= Orlando Luis Pardo Lazo =

Orlando Luis Pardo Lazo (born 1971) is a Cuban writer and artist.

==Biography==

Orlando Luis Pardo Lazo was born in Havana, Cuba. He graduated from the University of Havana with a degree in biochemistry.

Around 2000 he began work as a free-lance writer, photographer and dissident blogger. In 2010, Lazo founded the independent opinion and literary e-zine Voces, which is Cuba's first digital magazine. At the time there were only about 200 official journalists who were allowed to have blogs by state media. However, there were an additional 100 others identifying themselves as "independent" bloggers, including Lazo, openly expressing criticisms of the Castro regime. Lazo is the editor of Voces and part of a group of well known dissident writers, "The group of writers they have are among the best young Cuban voices anywhere," said Ted Henken, a Baruch College professor who follows the island's bloggers. The magazine is produced in PDF format and copies circulate in Cuba on CDs, flash drives, the domestic network known as the "intranet" and through photocopied paper editions. The government blocks access to the dissidents servers, but people on the island can access the magazine through proxy servers.

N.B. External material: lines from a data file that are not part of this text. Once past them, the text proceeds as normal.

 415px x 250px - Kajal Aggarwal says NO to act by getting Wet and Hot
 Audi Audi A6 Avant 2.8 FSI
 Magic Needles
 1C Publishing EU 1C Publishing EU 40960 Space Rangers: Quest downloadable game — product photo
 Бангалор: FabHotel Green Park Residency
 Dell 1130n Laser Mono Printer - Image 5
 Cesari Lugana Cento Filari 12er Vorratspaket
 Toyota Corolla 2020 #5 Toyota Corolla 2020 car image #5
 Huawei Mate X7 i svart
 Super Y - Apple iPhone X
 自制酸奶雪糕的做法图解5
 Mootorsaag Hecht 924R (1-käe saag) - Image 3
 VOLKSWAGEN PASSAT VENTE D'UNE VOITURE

Lazo also produces the blog, Boring Home Utopics, which describes itself as "the Collective Memories from a Unique Man in the Brave New Zoociety".

Lazo is the author of Boring Home, awarded the Czech literary award Novelas de Gaveta ("Romány ze šuplíku", Franz Kafka prize). In 2014, he announced the release of an anthology he had edited, an English-language translation of eleven stories from Cuba entitled Cuba in Splinters: Eleven Stories from the New Cuba.

He currently works as a contributing columnist for Sampsonia Way magazine.

==Dissident incidents==
In 2009, he was involved in an incident and allegedly harassed by the Cuban security agents, along with another Cuban dissident blogger, Yoani Sanchez. Dressed in plain clothes, three security agents forced Lazo and Sanchez into a car without presenting an arrest warrant, and proceeded to beat them. Human rights groups such as the Human Rights Foundation have criticized the arrest, with HRF president Thor Halvorssen calling it "a blatant attempt by the Cuban government to silence independent thought and speech."

On September 1, 2012 Orlando was arrested along with several others by police in Havana. News of his arrest spread quickly through social media, particularly Twitter, and a group formed outside of the jail to protest his arrest. He was released later that same night.

==Bibliography==
- Boring Home Premio Novela de Gaveta Franz Kafka
- Cuba in Splinters: Eleven Stories from the New Cuba (editor and contributor). New York: OR Books, 2014.
- Espantado de todo me refugio en Trump (author). Editorial Hypermedia, 2019.